**EXERCISE MATERIAL**
========================================

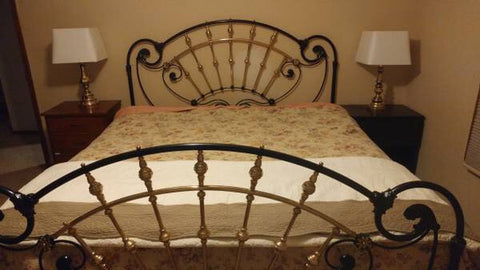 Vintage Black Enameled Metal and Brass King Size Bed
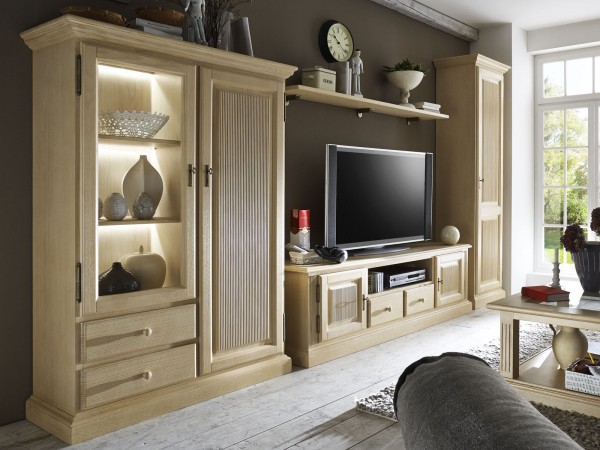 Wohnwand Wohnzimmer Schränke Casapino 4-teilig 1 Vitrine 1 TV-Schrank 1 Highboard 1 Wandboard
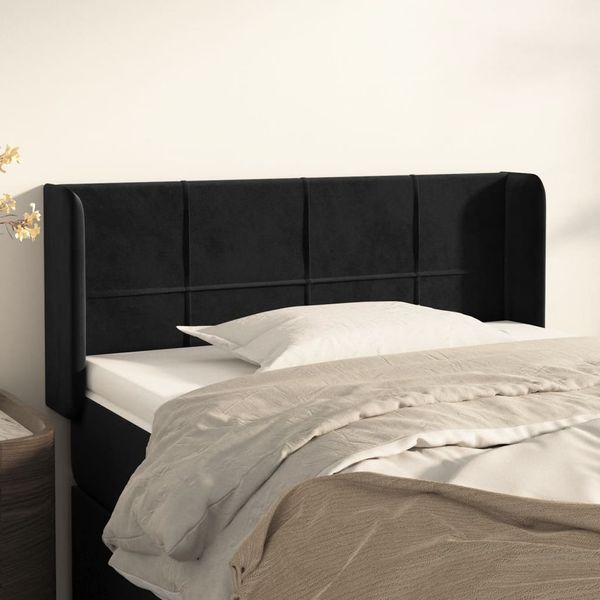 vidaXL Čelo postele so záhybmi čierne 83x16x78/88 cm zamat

========================================

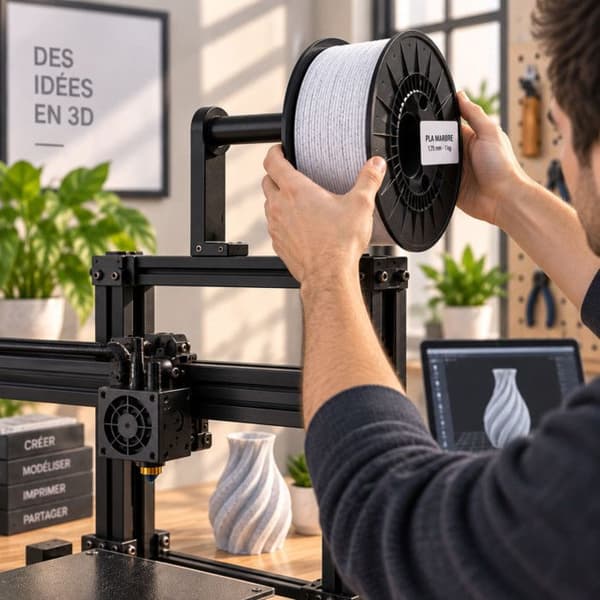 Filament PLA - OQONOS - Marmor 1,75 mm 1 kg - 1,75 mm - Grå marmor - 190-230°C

========================================

**TASK DETAILS**
Your answer must be the exact lines from the records above, from the one containing "Vintage Black Enameled" through the one containing "vidaXL Čelo postele", both included, with every picture left out.

**WRITTEN SOLUTION**
 Vintage Black Enameled Metal and Brass King Size Bed
 Wohnwand Wohnzimmer Schränke Casapino 4-teilig 1 Vitrine 1 TV-Schrank 1 Highboard 1 Wandboard
 vidaXL Čelo postele so záhybmi čierne 83x16x78/88 cm zamat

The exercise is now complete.